Short naked put vs. short put vertical spread, open for discussion.

Today, I’m going to try a new format. 

I received an email from a reader that I wrote a relatively quick response to. 

What I am going to do/try is to post his question here and my response and open the comments up to discussion.  Please participate….  – Lawrence

PS: I’ll post a continuation to the OTEX (losing) earnings trade later too…

Note: the reader’s name has been changed for privacy, it was not Elwood Blues writing…


08/23/2010 Elwood Blues sent in via email:

Hi there,

I am trading mainly stock options and usually short sell out-of-the-money puts. The strategy is doing fine, but I am currently thinking about my risk management:

– Usually I follow the double out rule (i. e. as soon as an option reaches the double premium I got for it, I close it to limit my losses). But this rule kills you in a volatility spike – you are stopped out, even if the stock is still far out of the money, sometimes even moving in the correct direction.

– A friend of mine advised me to look only at the intrinsic value. This of course protects me from being caught in volatility spikes, but the losses are much higher.

Do you have any good idea?

Best regards,



8/23/2010 Lawrence “VolTrader” wrote via email:

Hi Elwood, to answer your question completely would require a pretty long options education, rather than just an answer but I will do my best to give you a simple explanation…

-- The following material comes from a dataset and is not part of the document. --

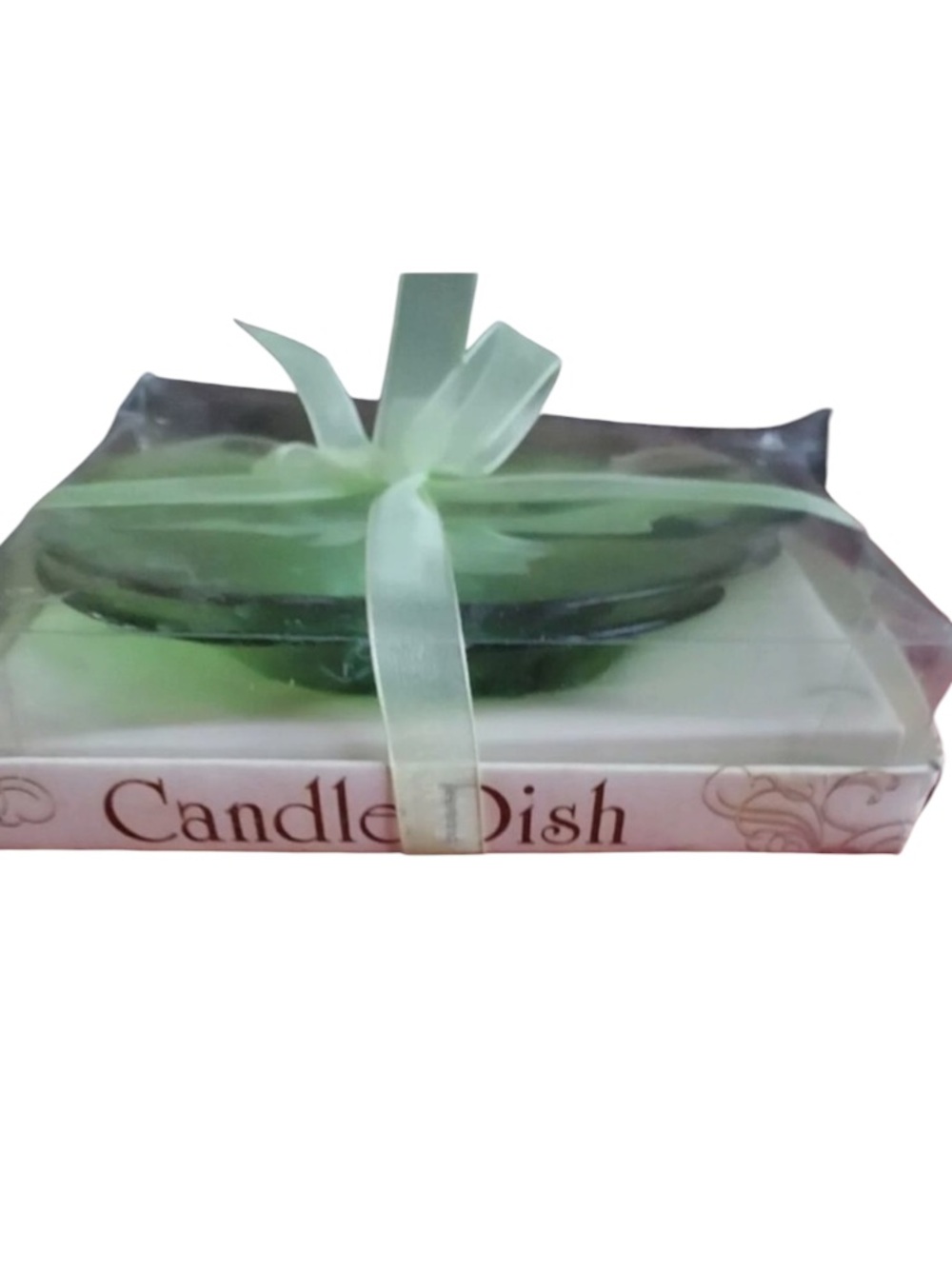 LUMINESSENCE Candles : Dish green Glass Flower 6 inch includes 1 candle new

You are right when the underlying moves against you the vol spike will increase losses.  This works in your favor as the market goes up, vol goes down and your short put benefits, a double edged sword.

A simple fix to this is to sell a put spread instead of a naked put.  This means sell your OTM put and buy a further OTM put as protection.  This limits your losses, reduces your margin requirement and protects against vol spikes.  As your short put gains in value due to the underlying going down (delta effect) and gains in value due to vol increase (vega effect) your long further OTM put also gains in value due to delta and vega…  Also, because these are limited risk (not unlimited like short naked put) you can hold them longer and see if your underlying moves back in the favorable direction and allow time decay (theta effect) to work in your favor as both options lose value over time, the closer to the money short put faster.

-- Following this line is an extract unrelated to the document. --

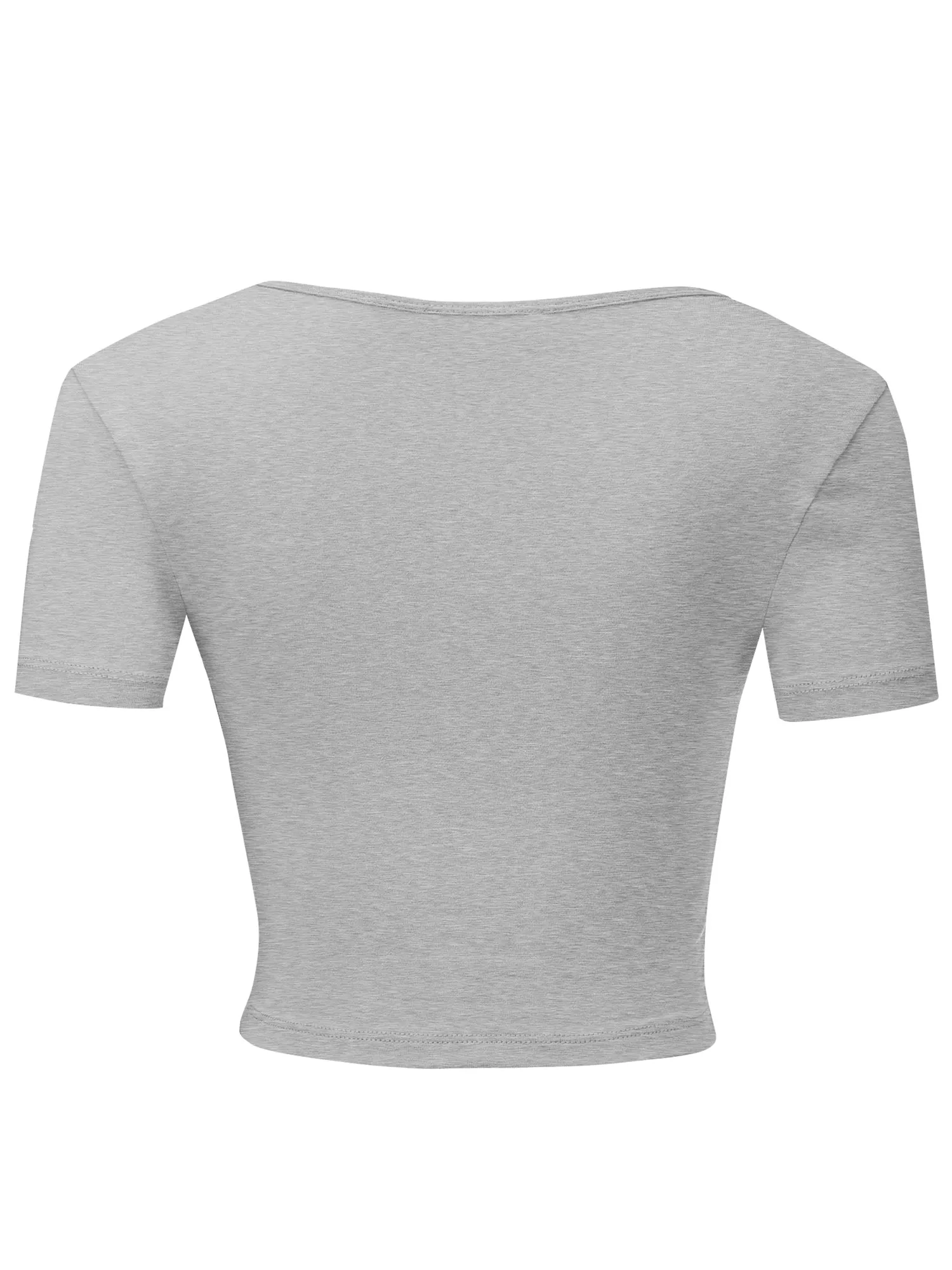 Women's Basic Scoop Neck Short Sleeve Crop Top Shirt (FWT1088)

Elwood, can I post this conversation to my blog and open it up to discussion through comments?  (I’ll just put a fake name for you)



08/23/2010 Elwood Blues sent in via email:

Thanks a lot for your quick reply! I thought about this strategy as well – the minus is only that it will also limit my possible profits…

Sure you can put it to the blog!



4 Responses to Short naked put vs. short put vertical spread, open for discussion.

  1. I sell naked puts only on stocks I want to add to my portfolio. Specifically, if a stock is above what say Morningstar considers fair value, I’ll sell a naked put if the premium is enough to bring the final sale below fair value. If I get “put” the stock, I get the stock at a fair price. If not, I retain the premium and I’ll sell another one. I’ve also used bull put spreads to partially finance the purchase of calls. Used ratio put spreads as well on stocks that may more over-valued, but I still want to own, preferably for credit.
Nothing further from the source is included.